We do support Kinesis Streams in the Analytics category today: https://aws-amplify.github.io/docs/js/analytics#using-amazon-kinesis I have to check on the PR for supporting Firehose but I know it's in progress.

This seems to be an independent ask of the issue in this thread though as this is related to ingest. Total counts in a decoupled systems wouldn't be accurate on the pagination against DynamoDB as you'd run into consistency issues. For the analytics requests I think this would be a good ask in a separate Feature Request issue.

RossWilliams commented 5 years ago

I wasn't as interested in strong consistency or using it for pagination, but the total count calculation and getting aggregations in general. The ask seems to be about bringing other database system capabilities into amplify, which is where ddb stream -> firehose would come in handy as a building block.

houmark commented 5 years ago

This got sidetracked by different ideas, but I'd like to know if we can expect total counts for at least Elasticsearch based queries soon?

@undefobj $ctx.result.hits.total is in the resolver response template already, so there should be very little code needed to get this wired in all the way. This would help with a decent workaround for overall total counts for now. It seems doing this against normal list queries against DynamoDB is not anything to expect soon.

houmark commented 4 years ago

It seems like aws-amplify/amplify-cli#2600 made aws-amplify/amplify-cli#2602 happen, so here's to hoping that PR gets accepted fast.

sallar commented 4 years ago

@houmark isn't that PR related to @searchable attribute? I want to know how many items are in a collection in total.. don't know if that PR solves this issue.
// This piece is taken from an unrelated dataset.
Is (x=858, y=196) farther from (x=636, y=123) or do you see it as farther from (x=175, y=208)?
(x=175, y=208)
For example, a user has many books in their library, and I want to show on their profile page that how many books are there in their library. I don't want to load all of their books, just to count it. It might be thousands.

houmark commented 4 years ago

Yeah, I first thought that PR would solve it due to the original code that was halfway baked in at the time. But that PR changed to just show the total of the returned items which is more or less useless because it's very easy to count the amount of results returned client side.

I don't think the Amplify team is working on a total results value due to the limitations and complications of passing through @auth.

kaustavghosh06 commented 4 years ago

@houmark I wouldn't call it "useless" since if you're getting paginated results say 10 results at a time, you might want to get the total hits (if you have more than 10 results) to display information like the number of pages on your UI.

houmark commented 4 years ago

@kaustavghosh06 But how can I do that? I get 10 when I limit 10 in the query. If I limit 20, total is 20? If I am on the "last page" and limit 20 but there are only 5 results left I get 5, but all of that I can do with result.whatever.items.length client-side.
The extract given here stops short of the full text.